> Data shown
Segment Open

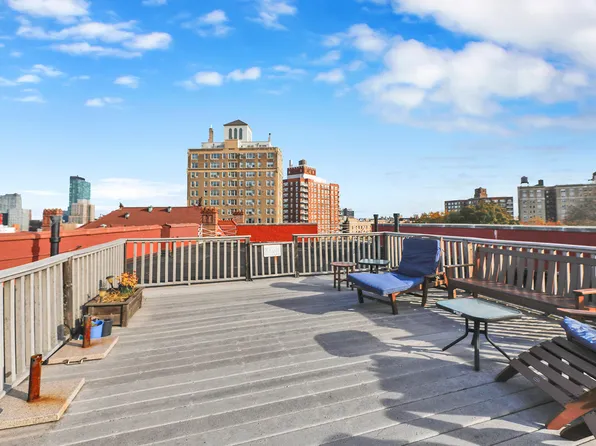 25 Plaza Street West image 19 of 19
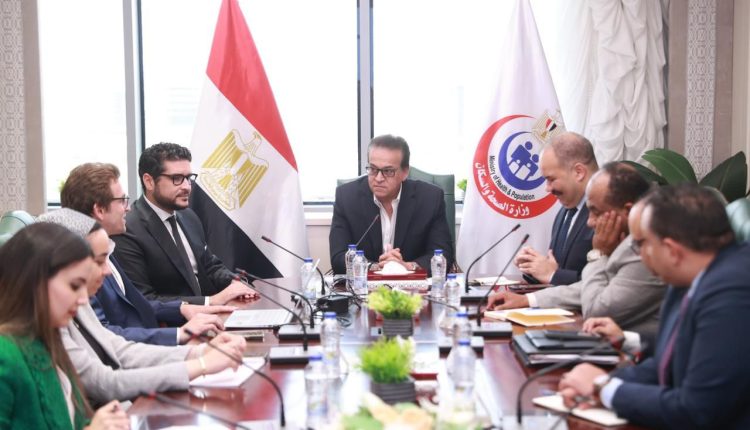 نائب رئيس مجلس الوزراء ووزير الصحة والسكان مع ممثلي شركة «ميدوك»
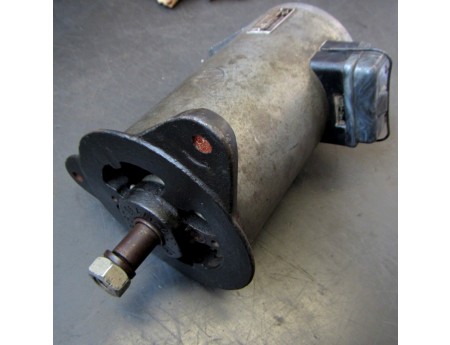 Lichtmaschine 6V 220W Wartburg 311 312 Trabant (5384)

Segment Closed

> Exercise instructions
All of the material is to be reproduced verbatim, pictures excluded.

> Output below
 25 Plaza Street West image 19 of 19
 نائب رئيس مجلس الوزراء ووزير الصحة والسكان مع ممثلي شركة «ميدوك»
 Lichtmaschine 6V 220W Wartburg 311 312 Trabant (5384)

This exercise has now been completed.